Pushpa’s hands were busy stuffing small balls of newspaper into the plastic carcass of a heart. Sitting in the women’s centre in the heavy heat of early afternoon she was huddled with the other women who were chatting and busy with the task of making heart shapes out of plastic bags. Regardless of the heat the women sat so close to each other they often touched; their sari’s pooled together on the cool tile floor. Guddiya stared open-mouthed at nothing, and her hands moved slowly, mindlessly tearing strips of newspaper and crunching each strip into a ball.  Pushpa’s two children wandered into the room and yanked at their mother’s attention. Her son pulled at her sari while her daughter dangled her arms around her mother’s neck. Tended to warmly by their mother, the children finally dawdled out of the room happy to play outside in the lane way.
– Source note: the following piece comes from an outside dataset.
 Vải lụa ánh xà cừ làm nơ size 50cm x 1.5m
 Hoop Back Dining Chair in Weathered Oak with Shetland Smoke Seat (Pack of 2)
I wanted to interview Pushpa as was my plan with the other women. I took my small notebook out of my bag, searched through the boxes of sewing supplies for a pen, and finally settled, sitting cross-legged on the floor in the tangle of women amidst the litter of cut plastic, torn newspaper, skeins of embroidery thread and sequins that stuck to my pant legs. More children filed in to the room, twirling, expectant, curious always, eager to stay in this wonderland of women. Kane joined us and the kids used his body as a prop to swing on, sit on, lay on and sleep on. Pushpa shyly agreed to talk about her life but was suspicious about why I would want to know her story.  Threading a needle, she stared straight ahead and said,  “if you are rich people pay attention to you, but if you are poor no one asks you about anything.” A lump of emotion welling up in my throat I replied, “I am curious about your life, how you arrived in Mumbai, when you came here, what you think about and what you want for your children.” With some gentle prodding from Indu, Pushpa stretched her perfectly shaped lips into a shy grin and began to talk.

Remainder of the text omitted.